Energy Democracy in Neoliberal Contexts: Lessons from Aotearoa New Zealand

Tuesday 21 January 13:00 until 14:00
Jubilee G32
Speaker: Julie MacArthur
Part of the series: Energy & Climate Seminar Series


Energy democracy entails increased citizen participation in and control of energy sector activities (Szulecki, 2018; van Veelen & van der Horst, 2018). Recent research highlights how democratic innovations from citizens policy forums to direct asset ownership and control in ‘community power’ may contribute to much needed energy transitions away from fossil fuels and contribute to addressing the current global climate crisis. However, much of this research to date has taken place in either Western European contexts, and has largely focused on renewable power generation projects in settings with strong (if variable) policy support. A more critical scholarship has also emerged as to whether benefits in theory translate in practice, and travel across contexts (Berka and Creamer 2018). In this talk I examine the promise of energy democracy in Aotearoa New Zealand, a country that already has a significant share of energy from renewable sources at 83%, but faces significant challenges in addressing issues of energy poverty and energy system transformation in distribution, storage and energy efficiency. New Zealand also provides a useful case for understanding the unique role that local energy democracy may play in contexts which lack or lose policy support, and those where postcolonial struggles for indigenous sovereignty feature prominently.

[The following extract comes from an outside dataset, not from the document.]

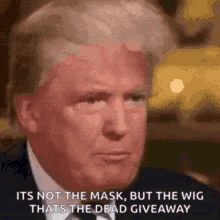 Wig Fly GIF - Wig Fly Trump GIFs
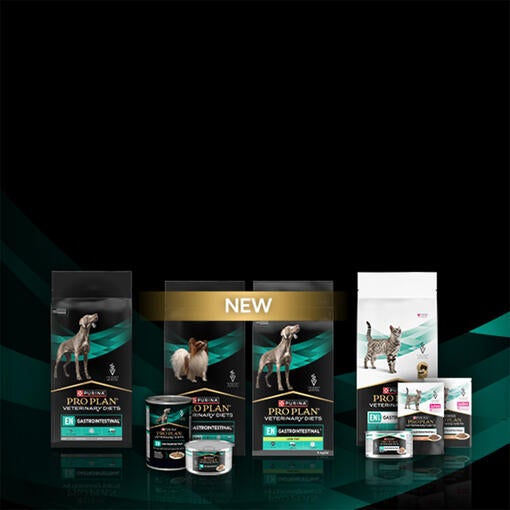 Gastrointestinal Range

Dr Julie MacArthur is a Senior Lecturer in Politics and International Relations and the Master of Public Policy program at the University of Auckland where she teaches environmental politics and public policy. She is the author of Empowering Electricity: Co-operatives, Sustainability and Power Sector Reform in Canada (UBC Press, 2016), as well more than 20 articles and book chapters on energy democracy, participatory environmental governance, and comparative energy policy. Dr MacArthur has won SSHRC and RSNZ Marsden Fund grants for her research on the contribution of community energy initiatives to climate change mitigation and local development, as well as an Early Career Research Excellence Award from the University of Auckland to study the role of women in New Zealand’s energy transition. Julie is currently a research associate with the University of Auckland’s Energy Centre and its Public Policy Institute and is a steering committee member of the Women and Inclusivity in Sustainable Energy Research (WISER) network.